问题
To keep it simple I have four tables(A, B, Category and Relation), Relation table stores the Intensity
of A in B and Category stores the type of B.
A <--- Relation ---> B ---> Category
(So the relation between A and B is n to n, when the relation between B and Category is n to 1)
I need an ORM to group Relation records by Category and A, then calculate Sum
of Intensity
in each (Category, A) (seems simple till here), then I want to annotate Max of calculated Sum
in each Category.
My code is something like:
A.objects.values('B_id').annotate(AcSum=Sum(Intensity)).annotate(Max(AcSum))
Which throws the error:
django.core.exceptions.FieldError: Cannot compute Max('AcSum'): 'AcSum' is an aggregate
Django-group-by package with the same error.
For further information please also see this stackoverflow question.

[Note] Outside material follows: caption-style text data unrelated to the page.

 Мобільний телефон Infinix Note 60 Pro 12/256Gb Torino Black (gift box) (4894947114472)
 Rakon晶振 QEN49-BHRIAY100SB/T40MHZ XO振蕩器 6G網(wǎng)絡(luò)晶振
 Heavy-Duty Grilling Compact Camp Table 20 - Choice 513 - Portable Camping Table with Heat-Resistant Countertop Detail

I am using Django 2 and PostgreSQL.
Is there a way to achieve this using ORM, if there is not, what would be the solution using raw SQL expression?
Update
After lots of struggling I found out that what I wrote was indeed an aggregation, however what I want is to find out the maximum of AcSum of each A in each category. So I suppose I have to group-by the result once more after AcSum Calculation. Based on this insight I found a stack-overflow question which asks the same concept(The question was asked 1 year, 2 months ago without any accepted answer). Chaining another values('id') to the set does not function neither as a group_by nor as a filter for output attributes, It removes AcSum from the set. Adding AcSum to values() is also not an option due to changes in the grouped by result set. I think what I am trying to do is re grouping the grouped by query based on the fields inside a column (i.e id). any thoughts?
回答1:
You can't do an aggregate of an aggregate Max(Sum())
, it's not valid in SQL, whether you're using the ORM or not. Instead, you have to join the table to itself to find the maximum. You can do this using a subquery. The below code looks right to me, but keep in mind I don't have something to run this on, so it might not be perfect.

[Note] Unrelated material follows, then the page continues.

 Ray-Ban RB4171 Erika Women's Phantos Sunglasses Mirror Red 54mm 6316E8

from django.db.models import Subquery, OuterRef
annotation = {
'AcSum': Sum('intensity')
}
# The basic query is on Relation grouped by A and Category, annotated
# with the Sum of intensity
query = Relation.objects.values('a', 'b__category').annotate(**annotation)
# The subquery is joined to the outerquery on the Category
sub_filter = Q(b__category=OuterRef('b__category'))

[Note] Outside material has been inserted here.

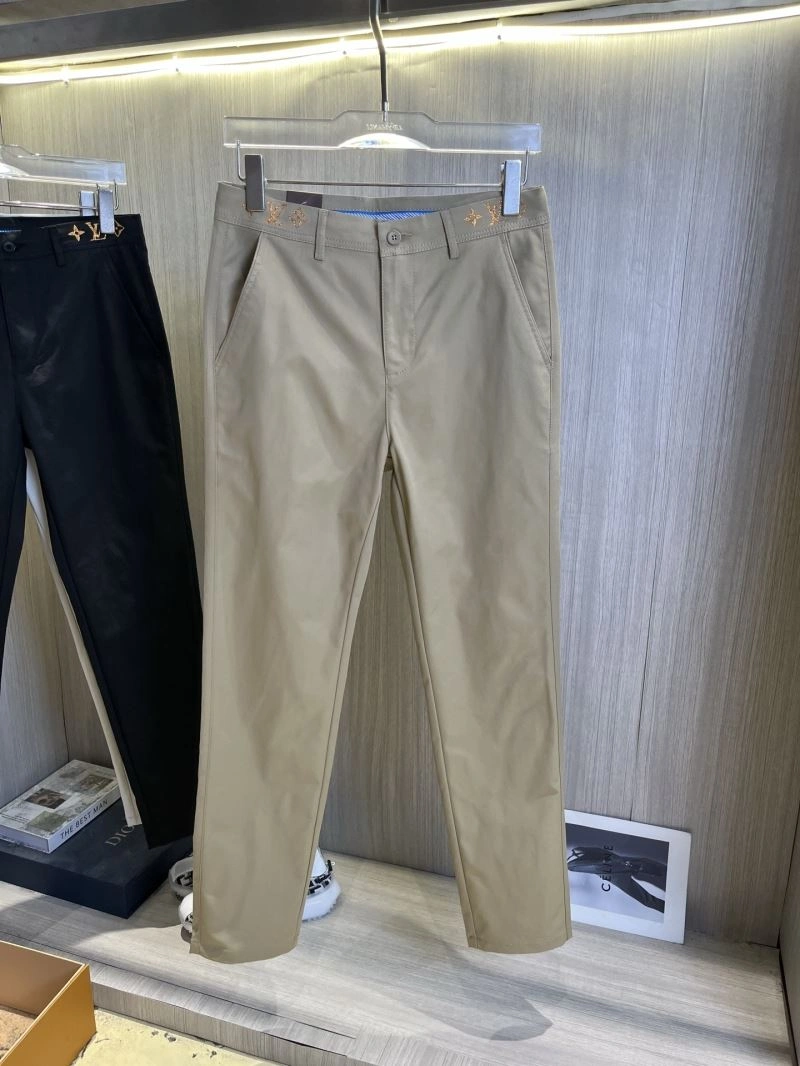 Trendsetting Louis Vuitton Long Pants 135023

# The subquery is grouped by A and Category and annotated with the Sum
# of intensity, which is then ordered descending so that when a LIMIT 1
# is applied, you get the Max.
subquery = Relation.objects.filter(sub_filter).values('a', 'b__category').annotate(**annotation).order_by('-AcSum').values('AcSum')[:1]
query = query.annotate(max_intensity=Subquery(subquery))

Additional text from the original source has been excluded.